Suneel Bakhshi appointed chief at LCH.Clearnet

LSE ends three-month search for a new head of clearing company

The London Stock Exchange Group has ended a three-month search for a new head of its LCH.Clearnet clearing business with the appointment of Suneel Bakhshi of Citigroup.

Mr Bakhshi, currently chief executive of Citigroup Global Markets Japan, has spent more than 30 years at the US bank. The appointment is subject to regulatory approval and Mr Bakhshi is expected to begin his new role in early 2014.

The appointment completes a reshuffle of top management at LCH, the world’s largest clearer of off-exchange interest rate swaps, following the takeover by the LSE in May.

The bourse, which owns a controlling 58 per cent stake in LCH, has been looking for a successor to Ian Axe, who announced his resignation in July. It also appointed Michael Davie, chief executive of LCH’s SwapClear business, as chief executive of its UK operations last month.

LCH’s importance in the daily operation of global markets has grown as global authorities push for more OTC derivatives to be processed through clearing houses.
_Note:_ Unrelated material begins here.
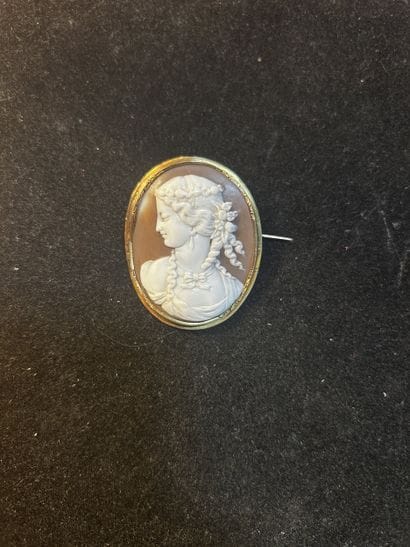 Broche ornée d'un camée à profil de femme...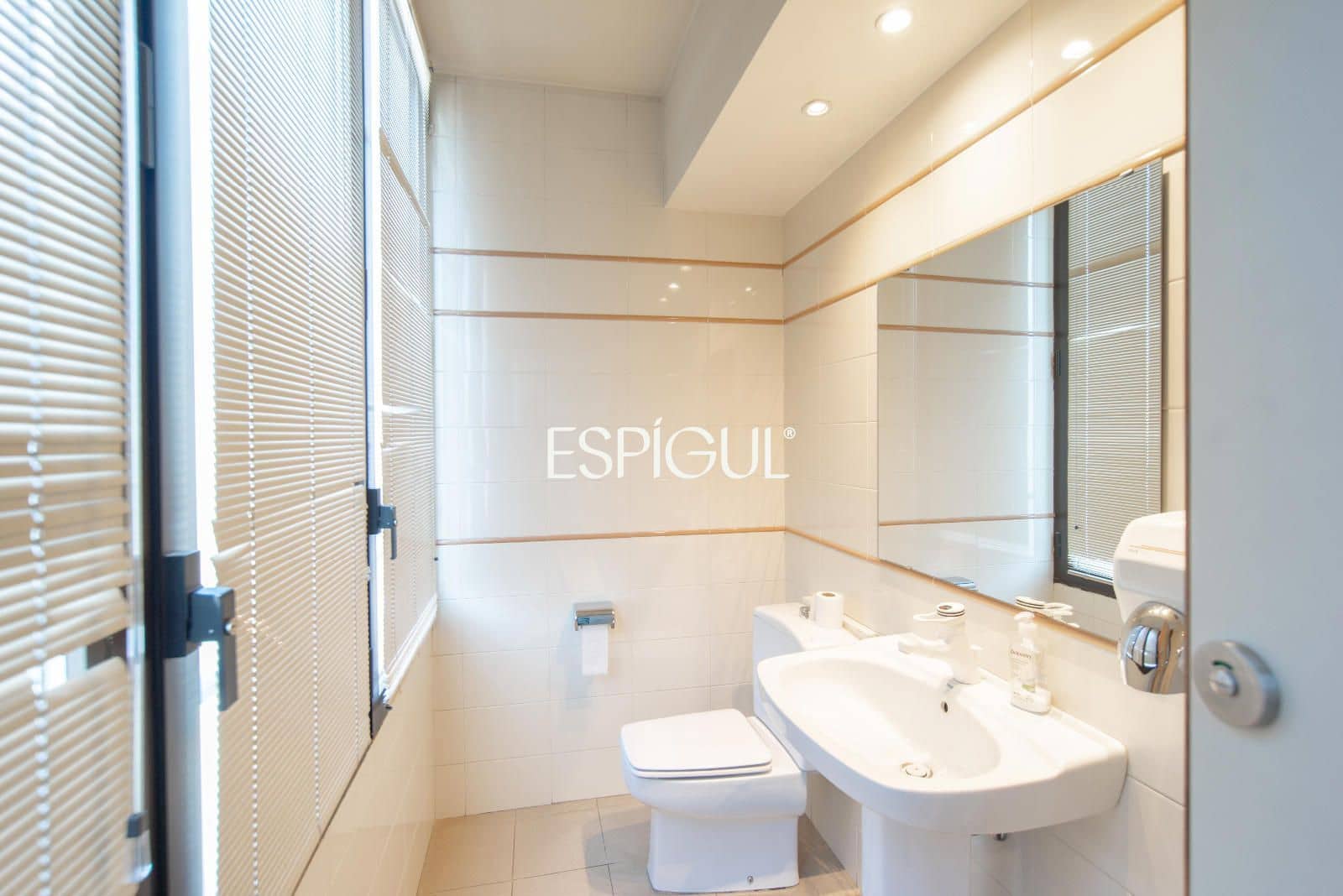 4 soveværelse Penthouse til salg i Girona by - € 500.000 (Ref: 10016009)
Derivatives are typically used for hedging risk against future movements in prices, as well as for speculation.

It hopes to exploit the incoming regulations by making savings in the margin customers need to post for trading. By offsetting their positions, customers of the same clearing house can potentially save millions in margin payments.

“He has an exceptional understanding of the complexities of our industry and the needs of our global customer base,” said Mr Aigrain.

When Mr Bakhshi begins, Jacques Aigrain will relinquish his role as interim executive chairman and resume his position as non-executive chairman of LCH.Clearnet Group.

Mr Bakhshi has held a variety of positions at Citigroup, including chief risk officer for its global commercial banking and global consumer group businesses. He has also been head of Citigroup’s global emerging markets corporate banking operations and was head of both Japanese derivatives and European fixed income derivatives trading in the 1990s.